DATASET ENTRIES START
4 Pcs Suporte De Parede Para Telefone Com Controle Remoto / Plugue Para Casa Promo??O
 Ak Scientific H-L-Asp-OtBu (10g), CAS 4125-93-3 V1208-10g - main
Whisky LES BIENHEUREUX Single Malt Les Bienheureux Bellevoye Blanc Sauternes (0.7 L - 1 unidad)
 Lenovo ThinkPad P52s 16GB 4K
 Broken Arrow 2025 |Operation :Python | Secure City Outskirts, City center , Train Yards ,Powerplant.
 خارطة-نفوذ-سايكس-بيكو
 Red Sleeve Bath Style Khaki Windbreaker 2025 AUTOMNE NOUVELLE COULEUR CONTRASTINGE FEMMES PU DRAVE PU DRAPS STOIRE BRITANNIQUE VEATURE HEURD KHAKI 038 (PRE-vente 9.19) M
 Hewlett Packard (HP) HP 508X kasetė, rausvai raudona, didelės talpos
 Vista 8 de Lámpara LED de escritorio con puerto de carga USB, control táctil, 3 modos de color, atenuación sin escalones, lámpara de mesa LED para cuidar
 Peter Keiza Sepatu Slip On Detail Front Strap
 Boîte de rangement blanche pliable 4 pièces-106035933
DATASET ENTRIES END
Output must be limited to the lines beginning with the one that contains "خارطة-نفوذ-سايكس-بيكو" and ending with the last line of the entries, reproduced exactly.

 خارطة-نفوذ-سايكس-بيكو
 Red Sleeve Bath Style Khaki Windbreaker 2025 AUTOMNE NOUVELLE COULEUR CONTRASTINGE FEMMES PU DRAVE PU DRAPS STOIRE BRITANNIQUE VEATURE HEURD KHAKI 038 (PRE-vente 9.19) M
 Hewlett Packard (HP) HP 508X kasetė, rausvai raudona, didelės talpos
 Vista 8 de Lámpara LED de escritorio con puerto de carga USB, control táctil, 3 modos de color, atenuación sin escalones, lámpara de mesa LED para cuidar
 Peter Keiza Sepatu Slip On Detail Front Strap
 Boîte de rangement blanche pliable 4 pièces-106035933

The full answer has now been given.